J'hésite précisément parce que le monde est une question ironique : et toi que fais tu ? Chaque projet essayé est comme une réponse balbutiante dont le cheminement est dessiné par un tracé de voies fermées et ouvertes, d'aspérités et d'ustensiles, d'occasions et de murs. Mais cette réponse est aussitôt effacée par une autre. Le malaise de l'indécision est un contraste entre une prévision certaine et une indécision incertaine ; le cours du monde continue et moi je piétine ; de là naît l'impression d'être submergé, roulé par le flot : la rigueur de la prévision accable la débilité du futur projeté. On voit dès lors en quel sens est possible tel ou tel parti que je n'ai pas encore adopté : comme le projet arrêté, il est d'abord possible de cette possibilité de prévision qui est la permission même des choses ; cette possibilité "théorique" se compose en outre avec la possibilité "pratique" du projet lui-même ; mais celle-ci est à son tour affectée de son indice problématique ; la possibilité comme "modalité" de tout jugement théorique ou pratique, comme modification de la modalité catégorique (donc comme concept formel) vient donc compliquer la possibilité réelle, si l'on peut dire, ouverte par tout projet ; quand je dis : "il est possible, tout compte fait, que je ne quitte pas Paris" ; je désigne particulièrement le caractère problématique de mon projet inconsistant ; du même coup la possibilité corporelle, le pouvoir physique à demi éveillé est lui-même comme indécis et informe, et mon vague projet flotte à distance du réel, sans mordre sur la réalité ; aucun pouvoir ferme évoqué dans mon corps ne suture les possibilités projetées aux possibilités offertes par le cours du monde ; mes intentions sont comme désincarnées, cérébrales et menacent sans cesse de virer à l'irréel, à cet imaginaire qui annule la réalité au lieu d'annoncer sa transformation.
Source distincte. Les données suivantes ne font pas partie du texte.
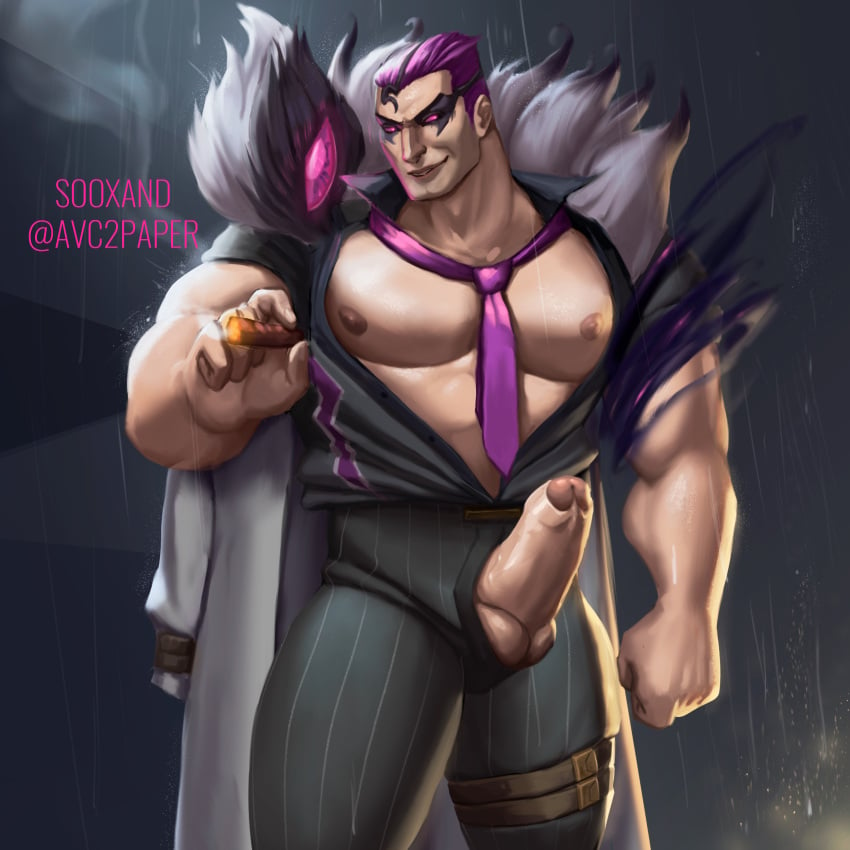 bara city crime crime_city_nightmare_darius daddy darius_(league_of_legends) debonair_series gay league_of_legends male male_only muscular nude pinstripe_pants pinstripe_pattern pinstripe_suit sooxand uncut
2) Mais ce n'est pas seulement loin des choses que flottent mes intentions informes, mais en quelque façon loin de moi, sans que je puisse proclamer : "cette action c'est moi" ; l'imputation du projet est elle-même dubitative ; une conscience spectaculaire et irresponsable qui joue avec l'avenir est toujours prête à dégrader et abolir la volonté en travail. Cette modification du rapport à soi est solidaire de la modification du projet : en effet, dans le projet, je m'implique moi-même ; l'action anticipée est "à faire par moi" ; je me projette moi-même comme celui qui fera ; je m'impute l'action future en identifiant ce moi projeté au moi qui projette. Or dans l'hésitation l'inconsistance du sens projeté affecte le moi qui fera ; je ne sais quel moi je serai ; chaque projet éventuel propose un moi incertain ; ainsi le jeune homme qui n'a pas encore choisi sa carrière, se voit vaguement derrière un bureau ou sous la blouse du médecin sans affirmer encore : cet homme c'est moi ; je m'esquisse moi-même plusieurs sur le mode du "peut-être" ; le projet dubitatif me paraît étranger à moi-même parce que le moi qu'il implique n'est pas catégoriquement moi ; je ne me suis pas encore joint à l'un de ces "moi-même" qui flottent devant moi ; hésiter c'est essayer divers moi-même, c'est esquisser l'imputation. Il n'y a pas deux "moi", celui qui fera et celui qui maintenant veut ; de même que par une sorte de récurrence l'affirmation de quelque projet implique l'affirmation du moi qui fera, de même le doute sur quelque projet est aussi le doute sur moi-même. Je ne donne prise à aucune accusation, à aucune contestation avec autrui ; et pourtant je ne suis pas rien, je suis un moi sur le mode dubitatif ; je suis prêt à prendre sur moi un acte qui m'engendrera comme moi déclaré ; hésiter c'est déjà affronter le "on", m'arracher à la foule ; l'isolement perplexe dans lequel l'hésitation me recueille est déjà le signe de ma vocation volontaire ; tel un roi sans royaume, je suis une conscience inchoative qui n'a point encore adopté sa sphère de responsabilité.
Paul Ricœur, Philosophie de la volonté, 1. Le Volontaire et l'Involontaire [1950], Paris, Essais Points, 2009, p. 182-183.